And here is the Wannaskan Almanac with Word-Wednesday for June 28, 2023, the twenty-sixth Wednesday of the year, the second Wednesday of summer, and the one-hundred seventy-ninth day of the year, with one-hundred eighty-six days remaining.

 
Wannaska Phenology Update for June 28, 2023
Loon Hatch
Loons, Minnesota's state bird, are members of the genus Gavia, family Gaviidae and order Gaviiformes /ˈɡæ-vi-ɪfɔːr-miːz/. They lay and incubate their eggs in May or early June, building nests in vegetation on the edge of an island, bog mat, log, or even on a large rock so that they can slip quietly into the water if danger threatens. Momma loon lays one or two (rarely three) 3-4 inches long, oval, olive-green to brown eggs. Should you venture to Hayes Lake any time soon, you might see something like this:

photo by Pam Shaw



June 28 Fickle Pickle Wednesday Menu Special: Potato Dumpling


June 28 Nordhem Wednesday Lunch: Updated daily by 11:00am, usually.

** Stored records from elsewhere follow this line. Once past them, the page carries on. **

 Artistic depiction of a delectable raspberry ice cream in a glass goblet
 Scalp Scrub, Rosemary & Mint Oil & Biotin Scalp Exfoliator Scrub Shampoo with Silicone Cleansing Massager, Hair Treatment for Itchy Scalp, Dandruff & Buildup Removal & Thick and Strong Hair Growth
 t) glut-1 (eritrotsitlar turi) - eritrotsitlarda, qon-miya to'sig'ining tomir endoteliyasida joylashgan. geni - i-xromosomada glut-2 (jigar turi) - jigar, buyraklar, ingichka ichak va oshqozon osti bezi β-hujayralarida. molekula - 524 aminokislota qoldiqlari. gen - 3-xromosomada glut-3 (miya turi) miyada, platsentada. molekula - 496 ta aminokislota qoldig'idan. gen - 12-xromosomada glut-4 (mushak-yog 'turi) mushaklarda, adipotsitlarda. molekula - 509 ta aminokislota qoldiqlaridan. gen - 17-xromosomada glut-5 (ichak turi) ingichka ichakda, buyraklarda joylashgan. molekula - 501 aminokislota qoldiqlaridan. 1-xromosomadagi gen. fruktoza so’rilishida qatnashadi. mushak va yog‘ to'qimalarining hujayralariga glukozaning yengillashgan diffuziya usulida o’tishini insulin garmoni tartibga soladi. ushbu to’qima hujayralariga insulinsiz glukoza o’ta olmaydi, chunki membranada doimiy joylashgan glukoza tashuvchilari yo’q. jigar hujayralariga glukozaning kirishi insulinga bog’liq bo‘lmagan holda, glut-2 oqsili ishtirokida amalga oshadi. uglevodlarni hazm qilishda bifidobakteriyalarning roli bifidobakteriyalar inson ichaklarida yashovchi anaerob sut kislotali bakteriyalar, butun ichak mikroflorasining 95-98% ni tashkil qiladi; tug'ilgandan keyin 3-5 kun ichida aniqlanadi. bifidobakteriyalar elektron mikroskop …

Earth/Moon Almanac for June 28, 2023
Sunrise: 5:23am; Sunset: 9:31pm; 37 seconds less daylight today
Moonrise: 4:21pm; Moonset: 1:55am, waxing gibbous, 67% illuminated.


Temperature Almanac for June 28, 2023
                Average            Record              Today
High             75                     99                     74
Low              54                     36                     60

And Now for the Weather
by Brian Bilston

Today is set to be agreeably alliterative
across an assortment of areas
although the occasional metaphor
may cause some faces to cloud.

Idioms will be coming down like stair rods
in northern regions, while the south
may experience the odd outbreak of similes,
like an unexpected shower of arrows.

In coastal, littoral, and seaside areas,
synonyms remain likely.
Further inland, sudden gusts of hyperbole
look set to take your breath away

and a series of scattered euphemisms
will have you reaching for you wellies.
If you're driving, please be aware that tautologies
of frozen ice are still affecting some roads,

after a heavy and prolonged flurry of oxymorons.
And finally  -- from tomorrow evening --
expect to see the return of some light litotes,
making next week's outlook hardly the best.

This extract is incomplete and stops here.